Doch was ist die Qualität in dieser Strategie?

Alles was wir tun, hat für uns auch immer einen Gewinn. Bei dieser Strategie, gibst du dir unheimlich viel Mühe mit deinen Mitmenschen auszukommen, um sie nicht zu verletzen, das macht dich sympathisch und liebenswert und zu einem tollen Teamarbeiter, weil du dich und deine Bedürfnisse oft in den Hintergrund stellst.

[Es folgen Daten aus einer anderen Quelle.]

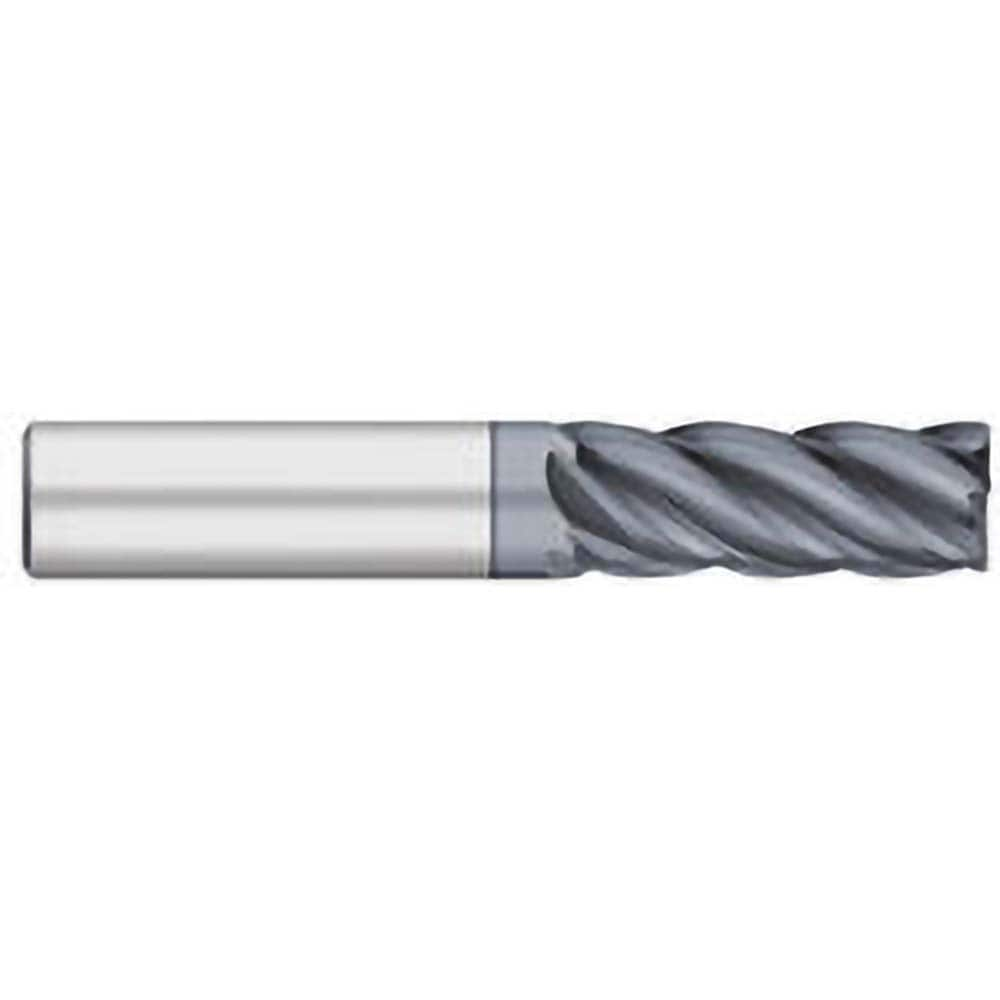 Corner Radius End Mill: 1″ Dia, 2″ LOC, 0.06″ Radius, 5 Flutes, Solid Carbide 4″ OAL, 1″ Shank Dia, 38 ° Helix, AlCromax Coated, Corner Radius End, Centercutting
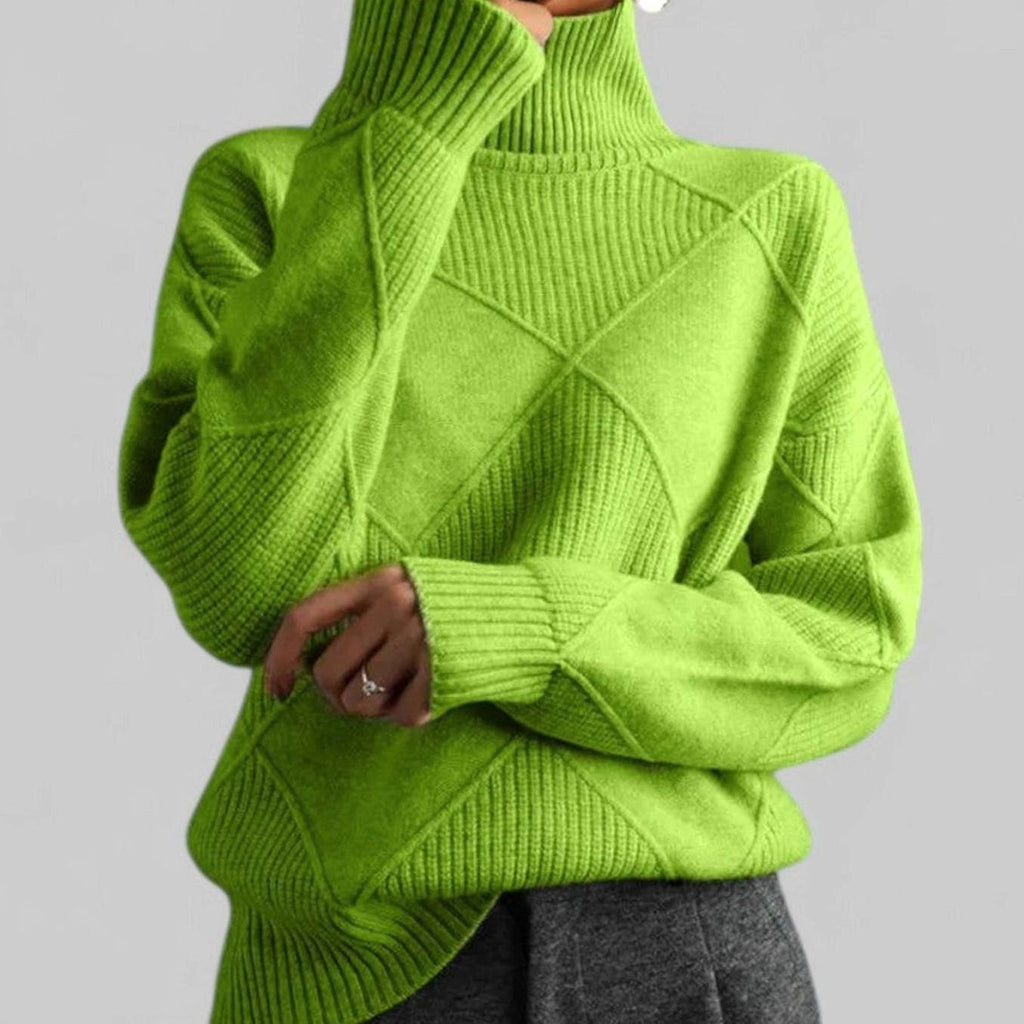 Women's Loose Argyle Pattern Turtleneck Knit Pullover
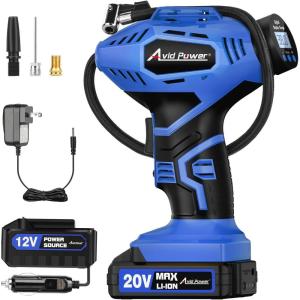 imageAVID POWER Cordless Tire Inflator Portable Air Compressor 20V Rechargeable Battery Powered Car Tire Pump w 12V DC Adapter Digital Pressure Gauge Air Pump for Car Bike Motorcycle BallBlue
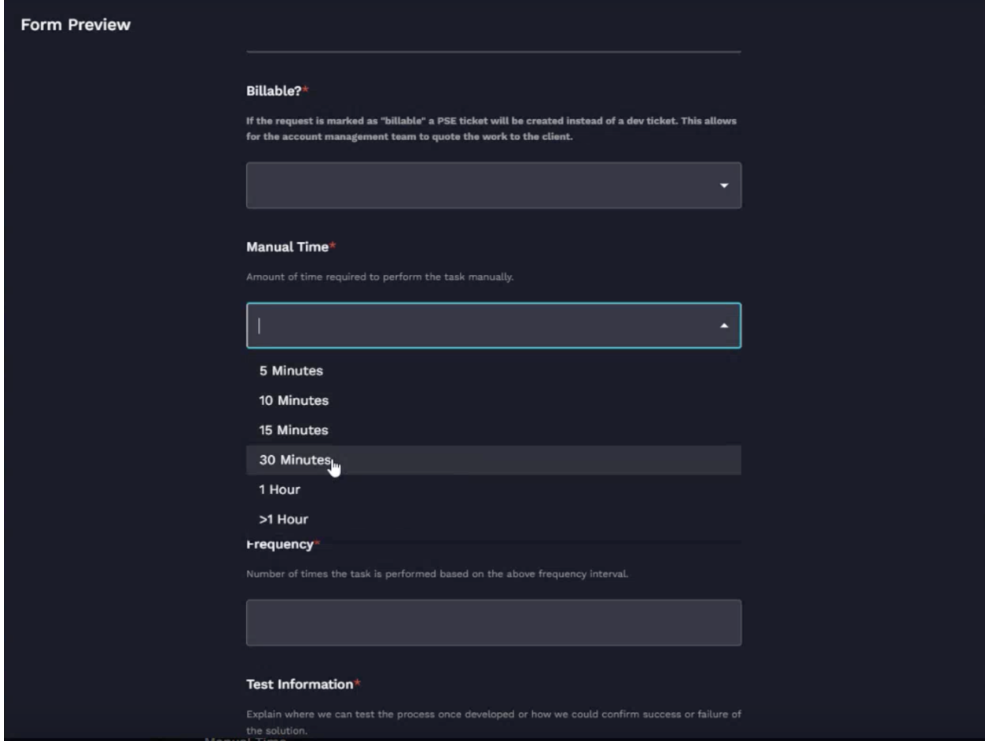 MSP automation form example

Mit folgender Denkweise kannst du dir vielleicht selbst aus dieser Falle heraushelfen: Indem man sich meist zurück- und versteckt hält, wissen andere nicht woran sie an dir sind. Hierdurch verlierst du nicht unbedingt an Sympathie, sondern kannst an Sympathie sogar gewinnen, weil du für deine Mitmenschen leichter greifbar und transparenter wirst. Sie müssen sich nicht ständig den Kopf zerbrechen, was in dir vorgeht.

Für deine Mitmenschen ist es leichter, wenn du sagst, was du willst, als wenn du dich zurückziehst und schmollst. Hierdurch kannst du es vermeiden, dass du, ohne dass dies deine Absicht ist, vom Opfer zum Täter wirst.


Durch die Übung der Gewaltfreien Kommunikation, bei der es um die Kontaktaufnahme mit den eigenen Gefühlen geht, um diese dann als Wegweiser hin zu den eigenen Bedürfnissen nutzen zu können, ist eine Wiederverbindung mit der eigenen Gefühlswelt und hin zum Erkennen „was will und was brauche ich eigentlich“ möglich.


Zudem können im Coaching hinderliche Glaubenssätze, wie die oben genannten Beispiele, gewandelt werden, wobei der sekundäre Gewinn des Glaubenssatzes weiterhin gewährleistet wird und jedwede Veränderungsarbeit nur unter Berücksichtigung und in Vereinbarkeit der Ökologie des Coachees erfolgt.


Wut kann enorme Kräfte freisetzen, die auch mal destruktiv sein können und diese Kräfte können auch für die Veränderungsarbeit genutzt werden.